By the way – hundreds of millions of people from the territory of the former USSR speak Russian, so how can you say that these are exactly Russian mercenaries? And why do you think that they have hired the Russian authorities? Did you manage to get acquainted with the contract?)))

Thresher01 Supporting Member of TMP28 Sep 2020 10:06 p.m. PST

Bin Laden was in A'stan, and scrambled over the border with help from his "friends" into Pakistan, where he apparently lived quite comfortably with a number of wives and/or concubines, until his sad, pathetic life was snuffed out. The Pakistani intelligence services and military were protecting him there.

That IS the reason our troops went into A'stan in small numbers originally, and then much larger numbers later.

You are correct though, Cuprum2, that the Saudis have NEVER been held properly to account for their complicity and actions relating to 9/11. Sadly, (instituting the 10 year politics rule here), Bush let the Saudis out of the country, before they could be held to account, and questioned about their involvement in the attacks. The US government is still covering that up to this day, which is criminal, in my humble opinion.

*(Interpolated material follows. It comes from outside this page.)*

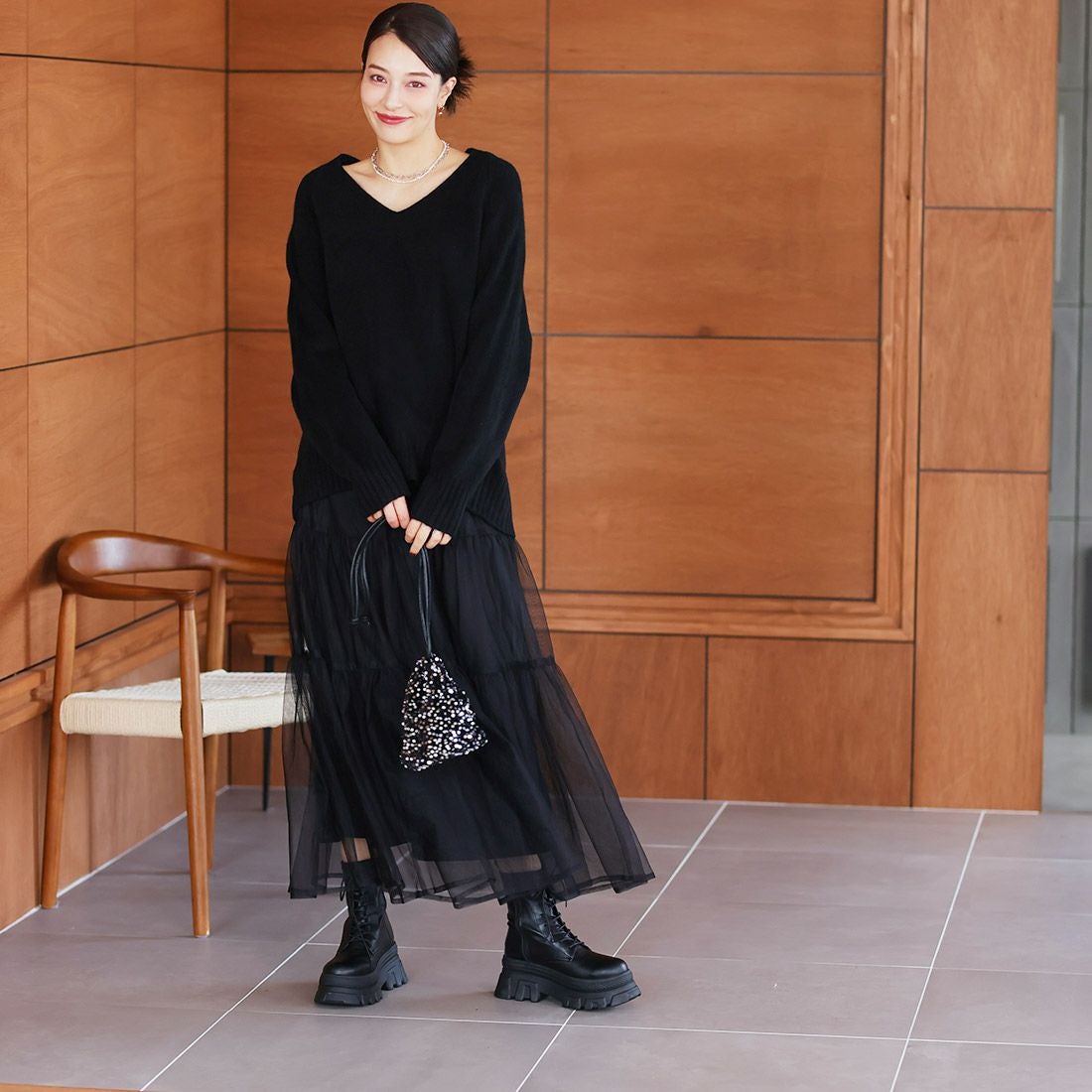 厚底トラックソールレースアップストレッチブーツ ｜靴・レディース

Cuprum228 Sep 2020 11:17 p.m. PST

Don't you think that for the destruction of one, even a very large, terrorist, these are very, very redundant actions?))) And this terrorist has long been dead – and the war continues to this day. Perhaps there are other reasons? They have less emotion, but more cold calculation)))
There is an old Roman principle: Cui prodest? … It always works great)))

Legion 429 Sep 2020 8:39 a.m. PST

Advisors are not regular troops. Very big difference)))
Many US Advisors fought right a long side the ARVN, etc., especially in the early days of the war, e.g. MACV, etc. And of course so did US Special Forces with the tribal people in the outback. E.g. "'yards", Hmong, Nung, etc.
The Americans in Korea and Vietnam (and many other places) fought as part of the American army,
Not completely true.
I.e. many advisors trained and supported ARVN, SVAF, etc., but were not in the direct line of fire. But with no actual front lines, per se in many situations they were fired upon as well. US Advisors were not a special branch of the military they were standard US Military tasked with training the ARVN, etc. They were Infantrymen, Tankers, pilots, etc. I know many Vietnam Vets even today, in a number of organizations, etc.

Back in my youth, as an 2LT, my first Bde Cdr in the 101 was an Advisor with a ARVN Airborne unit during the war. And saw combat not surprisingly … I know the history well from many who were there. Plus all my studies, reading, etc.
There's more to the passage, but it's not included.